**ABOUT THIS EXERCISE**
In the data below, find the line with "Hello friends, so" and the line with "If you want", then restate both and every line between them exactly, minus the pictures.

**SOURCE DATA**
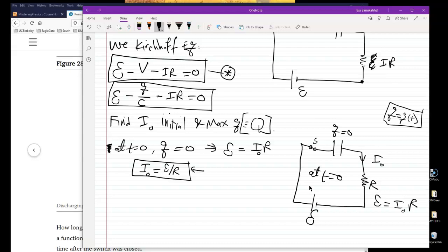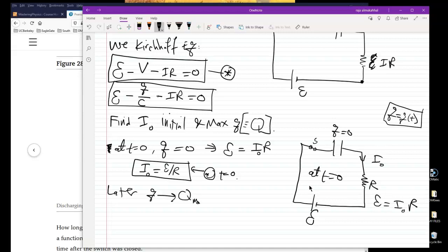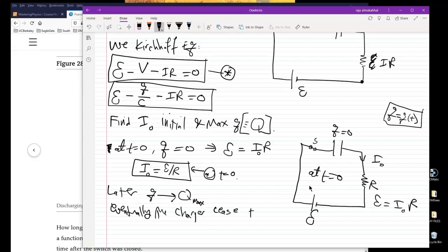After waiting a long time, the charge q approaches Q_max. Eventually the charges cease to flow and therefore the current goes to zero. The current is a maximum the moment I close the switch — equal to I₀ — and then it decreases as it charges the capacitor.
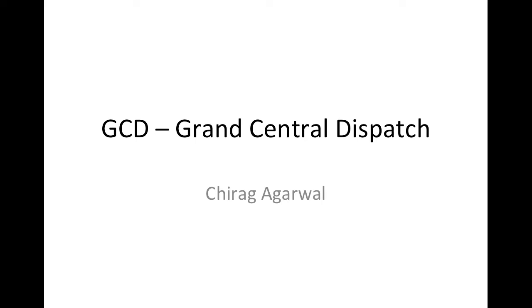Hello friends, so today we're going to be going over Grand Central Dispatch, GCD. So what is the use of GCD?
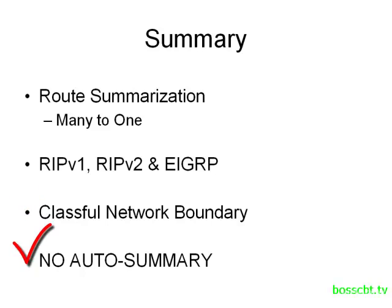If you want to disable auto summary, the protocol configuration command is no auto summary. Okay, so that's it. That is route auto-summarization. Thanks for watching.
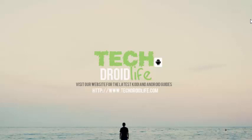This ends our video guide. If you found this video helpful in any way, please give us a thumbs up. Also subscribe to the channel for future videos, and visit us at www.TechDroidLife.com for the latest Kodi and Android guides. Thank you for watching.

**WRITTEN SOLUTION**
Hello friends, so today we're going to be going over Grand Central Dispatch, GCD. So what is the use of GCD?
If you want to disable auto summary, the protocol configuration command is no auto summary. Okay, so that's it. That is route auto-summarization. Thanks for watching.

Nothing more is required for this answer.